Attribution takes off
Microsoft has been beating the drum for engagement mapping for a while now, driven by their indignity of Google getting all of the credit (and $) for the “last click.” Despite their efforts, their message of attribution hasn’t really been embraced. That’s going to change.  As a recent Forrester report by Emily Riley points out, there are enough companies working on measuring and reporting attribution that someone is going to hit on something that’s easy to understand, and cheap enough to implement, and advertisers will finally take note.  It’s not a huge intuitive leap to understand that display ads can have a big impact; it’s just a matter of having tools to show it.  Even if most advertisers don’t actually implement attribution technology, it will become well enough understood to help display 2.0 take off in 2010.

Retargeting becomes a mainstay for all e-commerce advertisers
With results rivaling paid search advertising, retargeting is proving to be an essential, ROI-positive technique for brands of all sizes. Internet shoppers like to browse to find the best offers.  It’s been shown that 98% of them don’t convert on their first visit to an online store. Retargeting is an extremely efficient use of funds (ie, you are only targeting highly qualified window-shoppers as they browse cheaper inventory.) As more display inventory becomes accessible and efficient through ad exchanges, and retargeting ads themselves rapidly advance, 2010 will be the breakout year for this technique.

Ad networks actually consolidate
Over the past 2 years, industry insiders have loved to cite the unimaginable 300+ ad networks whose very existence is implied to be a crime against humanity.

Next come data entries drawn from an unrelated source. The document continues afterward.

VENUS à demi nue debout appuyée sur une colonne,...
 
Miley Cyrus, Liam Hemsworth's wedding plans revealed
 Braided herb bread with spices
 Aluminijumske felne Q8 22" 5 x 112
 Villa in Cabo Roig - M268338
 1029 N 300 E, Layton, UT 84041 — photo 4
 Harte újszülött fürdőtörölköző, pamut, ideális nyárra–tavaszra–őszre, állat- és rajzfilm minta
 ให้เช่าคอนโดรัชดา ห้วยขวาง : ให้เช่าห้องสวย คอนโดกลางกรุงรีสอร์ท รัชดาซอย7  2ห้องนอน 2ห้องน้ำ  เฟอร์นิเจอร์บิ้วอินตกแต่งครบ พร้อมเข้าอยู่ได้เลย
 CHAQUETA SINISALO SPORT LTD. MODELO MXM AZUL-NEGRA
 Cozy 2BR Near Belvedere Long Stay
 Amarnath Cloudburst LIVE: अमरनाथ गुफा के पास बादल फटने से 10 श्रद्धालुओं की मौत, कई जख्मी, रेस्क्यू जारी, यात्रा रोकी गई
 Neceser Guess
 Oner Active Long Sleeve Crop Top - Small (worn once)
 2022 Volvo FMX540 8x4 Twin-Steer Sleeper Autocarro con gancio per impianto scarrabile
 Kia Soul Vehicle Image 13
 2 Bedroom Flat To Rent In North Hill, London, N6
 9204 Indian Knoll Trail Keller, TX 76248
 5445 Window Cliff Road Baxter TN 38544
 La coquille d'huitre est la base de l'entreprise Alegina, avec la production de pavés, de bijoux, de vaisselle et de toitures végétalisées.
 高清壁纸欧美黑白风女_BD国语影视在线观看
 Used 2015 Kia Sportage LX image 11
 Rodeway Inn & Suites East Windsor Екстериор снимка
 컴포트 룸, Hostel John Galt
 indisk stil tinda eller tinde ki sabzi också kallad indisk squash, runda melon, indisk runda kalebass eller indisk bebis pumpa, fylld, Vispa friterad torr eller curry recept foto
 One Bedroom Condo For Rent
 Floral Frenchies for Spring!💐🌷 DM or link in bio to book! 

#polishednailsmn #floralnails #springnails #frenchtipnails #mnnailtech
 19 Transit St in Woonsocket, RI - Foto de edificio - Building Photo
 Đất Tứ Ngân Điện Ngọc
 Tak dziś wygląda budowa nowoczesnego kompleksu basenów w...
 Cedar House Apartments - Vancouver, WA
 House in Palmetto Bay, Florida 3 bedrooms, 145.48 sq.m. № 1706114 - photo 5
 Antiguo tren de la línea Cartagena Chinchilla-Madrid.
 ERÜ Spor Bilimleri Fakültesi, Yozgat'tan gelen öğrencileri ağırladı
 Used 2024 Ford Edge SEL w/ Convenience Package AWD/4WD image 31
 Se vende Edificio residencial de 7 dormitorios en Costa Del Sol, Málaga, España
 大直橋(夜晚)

However, thanks to some tight relationships and the agency world’s slow adoption of new technologies (a whole other story) the presumed collapse of The 300 did not happen.  Well, with the launch of agency owned trading desks, DSPs, and Yield Optimizers aggregating impressions, the number of ad networks is going to decline.  It’s not just going to be obsolete vertical ad networks and undifferentiated arbitragers either; we’re going to see consolidation with the big guys as well.

We’ll swing back towards CPM as the preferred pricing model
If you follow conventional thinking, and the current trajectory, you’d assume performance-based pricing models would come to dominate the online media landscape.  However, there are a couple of factors that will not only change this trajectory, but will actually cause a pendulum swing back to CPM pricing.  This will occur because it’s the easiest way for savvy digital marketers who have proprietary data, or some other “secret sauce” to secure impressions that they know have particular value for them.  Along these lines, companies that buy media on behalf of end advertisers are actually making huge margins by charging on a CPA/CPL and arbitraging this through savvy CPM purchasing using cookie data, RTB, etc.  It’s just a matter of time before the end advertisers wise up, and ask that they see spend on a CPM basis.  This will make the margin the provider is taking more transparent, and ensure that the advertiser is not missing out on savings that come from effective optimization.  Good news for smart advertisers who know to ask for this, bad news for arbitragers.

At least one yield optimizer disappears/changes its business model
There are too many players, too much marketing that is way ahead of product, and too little value being created for all 5-6 to maintain the status quo.  The key to these models working is through servicing large publishers.  Small publishers have too little data to make it possible to optimize between ad networks, and it probably takes as much effort to bring one of them on as it does to bring on a large site.  Unfortunately, there’s a big storm brewing that will alter the relationship between yield optimizers and large publishers.  Now that yield optimizers are trying to reinvent themselves as ad exchanges, they’re basically creating channel conflict on steroids.  Channel conflict is the reason premium publishers decided to direct their scorn at ad networks this past year.  Just wait until they realize that yield optimizers are not only cannibalizing their direct sales by servicing buyers, but also have a disincentive to effectively optimize their remnant so they can sell it themselves to ad networks and others in order to keep more margin.  Sparks will fly.

A currently non-existent company will be both founded and IPO within 2010
Business cycles are turning over faster than ever with higher highs and lower lows.  Huge valuations are being handed out by former Russian enterprises to companies that sell weapons to mafia bosses (virtual of course.)  All the great stories lines of the next bubble are being written.  My working title for the movie:  Irrational Exuberance… this time it’s social.”